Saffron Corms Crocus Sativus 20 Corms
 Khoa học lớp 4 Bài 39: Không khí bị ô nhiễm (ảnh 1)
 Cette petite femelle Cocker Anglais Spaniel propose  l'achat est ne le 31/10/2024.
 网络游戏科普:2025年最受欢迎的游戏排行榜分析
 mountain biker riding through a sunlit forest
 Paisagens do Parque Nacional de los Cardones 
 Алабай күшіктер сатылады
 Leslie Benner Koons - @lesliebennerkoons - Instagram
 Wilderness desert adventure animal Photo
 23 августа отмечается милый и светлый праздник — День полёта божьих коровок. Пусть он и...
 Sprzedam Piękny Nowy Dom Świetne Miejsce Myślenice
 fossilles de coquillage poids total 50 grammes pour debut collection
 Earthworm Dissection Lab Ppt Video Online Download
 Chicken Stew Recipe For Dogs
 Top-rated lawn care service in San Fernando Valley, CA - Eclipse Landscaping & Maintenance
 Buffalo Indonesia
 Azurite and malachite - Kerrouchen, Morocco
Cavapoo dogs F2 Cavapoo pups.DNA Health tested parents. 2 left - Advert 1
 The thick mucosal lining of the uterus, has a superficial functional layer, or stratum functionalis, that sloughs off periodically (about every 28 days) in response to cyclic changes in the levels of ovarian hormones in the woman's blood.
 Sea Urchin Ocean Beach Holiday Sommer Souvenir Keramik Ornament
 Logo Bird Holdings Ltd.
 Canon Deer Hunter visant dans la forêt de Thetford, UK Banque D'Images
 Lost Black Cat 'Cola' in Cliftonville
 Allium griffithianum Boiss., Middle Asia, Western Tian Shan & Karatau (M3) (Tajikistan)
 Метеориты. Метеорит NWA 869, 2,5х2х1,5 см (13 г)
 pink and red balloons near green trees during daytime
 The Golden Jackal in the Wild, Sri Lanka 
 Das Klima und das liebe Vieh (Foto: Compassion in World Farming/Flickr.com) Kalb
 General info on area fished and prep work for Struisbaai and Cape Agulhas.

***

TASK DESCRIPTION
A word-for-word repetition of the listing above is required.

SOLVED PROBLEM
Saffron Corms Crocus Sativus 20 Corms
 Khoa học lớp 4 Bài 39: Không khí bị ô nhiễm (ảnh 1)
 Cette petite femelle Cocker Anglais Spaniel propose  l'achat est ne le 31/10/2024.
 网络游戏科普:2025年最受欢迎的游戏排行榜分析
 mountain biker riding through a sunlit forest
 Paisagens do Parque Nacional de los Cardones 
 Алабай күшіктер сатылады
 Leslie Benner Koons - @lesliebennerkoons - Instagram
 Wilderness desert adventure animal Photo
 23 августа отмечается милый и светлый праздник — День полёта божьих коровок. Пусть он и...
 Sprzedam Piękny Nowy Dom Świetne Miejsce Myślenice
 fossilles de coquillage poids total 50 grammes pour debut collection
 Earthworm Dissection Lab Ppt Video Online Download
 Chicken Stew Recipe For Dogs
 Top-rated lawn care service in San Fernando Valley, CA - Eclipse Landscaping & Maintenance
 Buffalo Indonesia
 Azurite and malachite - Kerrouchen, Morocco
Cavapoo dogs F2 Cavapoo pups.DNA Health tested parents. 2 left - Advert 1
 The thick mucosal lining of the uterus, has a superficial functional layer, or stratum functionalis, that sloughs off periodically (about every 28 days) in response to cyclic changes in the levels of ovarian hormones in the woman's blood.
 Sea Urchin Ocean Beach Holiday Sommer Souvenir Keramik Ornament
 Logo Bird Holdings Ltd.
 Canon Deer Hunter visant dans la forêt de Thetford, UK Banque D'Images
 Lost Black Cat 'Cola' in Cliftonville
 Allium griffithianum Boiss., Middle Asia, Western Tian Shan & Karatau (M3) (Tajikistan)
 Метеориты. Метеорит NWA 869, 2,5х2х1,5 см (13 г)
 pink and red balloons near green trees during daytime
 The Golden Jackal in the Wild, Sri Lanka 
 Das Klima und das liebe Vieh (Foto: Compassion in World Farming/Flickr.com) Kalb
 General info on area fished and prep work for Struisbaai and Cape Agulhas.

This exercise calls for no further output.